La ansiedad (del latín anxietas, angustia, aflicción) es un estado que se caracteriza por un incremento de las facultades perceptivas ante la necesidad fisiológica del organismo de incrementar el nivel de algún elemento que en esos momentos se encuentra por debajo del nivel “adecuado”, o por el contrario, ante el temor de perder un bien preciado.

La ansiedad no siempre es patológica o mala: es una emoción común, junto con el miedo, la ira, tristeza o felicidad, y tiene una función muy importante relacionada con la supervivencia.



La ansiedad y preocupación se asocian a 3 o más de los siguientes síntomas:

  • Nerviosismo, inquietud o impaciencia.

  • Fatigabilidad (cansancio) fácil.

  • Dificultad para concentrarse o poner la mente en blanco.

  • Irritabilidad.

  • Tensión muscular, temblor, cefalea (dolor de cabeza), movimiento de las piernas e incapacidad para relajarse.

  • Alteraciones del sueño: dificultad para conciliar o mantener el sueño o sensación al despertarse de sueño no reparador.

  • Sudoración, palpitaciones o taquicardia, problemas gastrointestinales, sequedad de boca, mareos, hiperventilación (aumento del número de respiraciones por minuto).

La ansiedad, la preocupación o los síntomas físicos provocan un malestar significativo o deterioro en las relaciones familiares, sociales, laborales o de otras áreas importantes de la actividad de la persona.
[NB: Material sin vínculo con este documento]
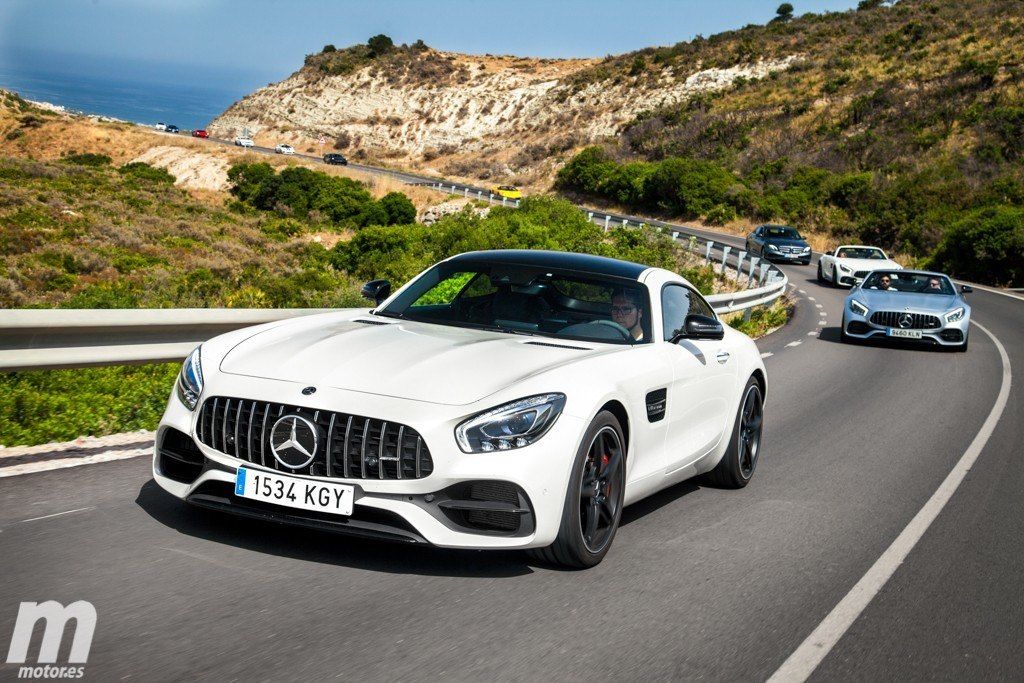 6to6 Tour Costa del Sol 2018 con el Mercedes-AMG GTS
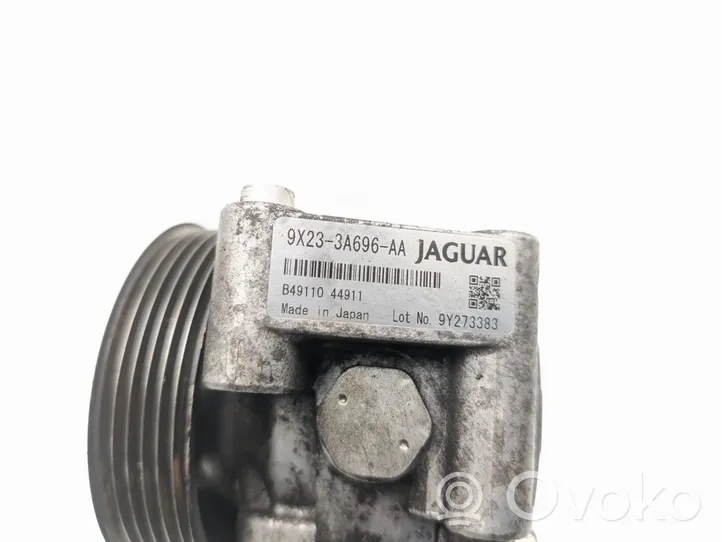 Jaguar XF Ohjaustehostimen pumppu 9X23-3A696-AA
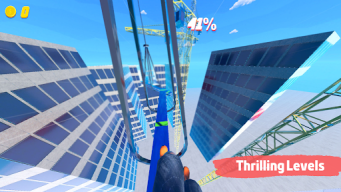 Rooftop Run APK screenshot
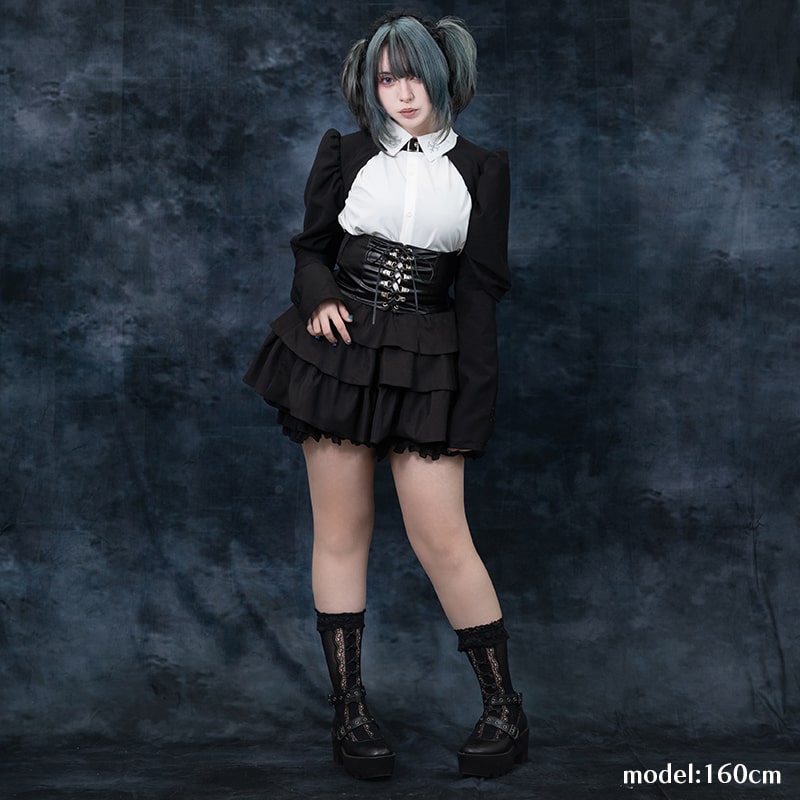 楽天市場】冥闇 パンクコルセット 原宿 原宿系 ファッション V系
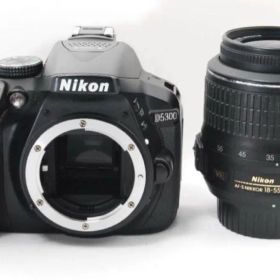到着後即使える！⭐️NikonD5300⭐️ レンズ3本/sdカード64GB/三脚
Los síntomas de ansiedad en el trastorno de ansiedad generalizada son constantes a diferencia de lo que ocurre en el trastorno de pánico donde la ansiedad-pánico aparece en forma paroxística tomando la forma de una Crisis de Pánico. La crisis de pánico no suele durar más de 30 minutos pero deja a quien la padece con mucho temor a presentar una nueva crisis. Este "miedo al miedo" se lo denomina "Ansiedad Anticipatoria" y puede confundírselo con un Trastorno de Ansiedad Generalizada.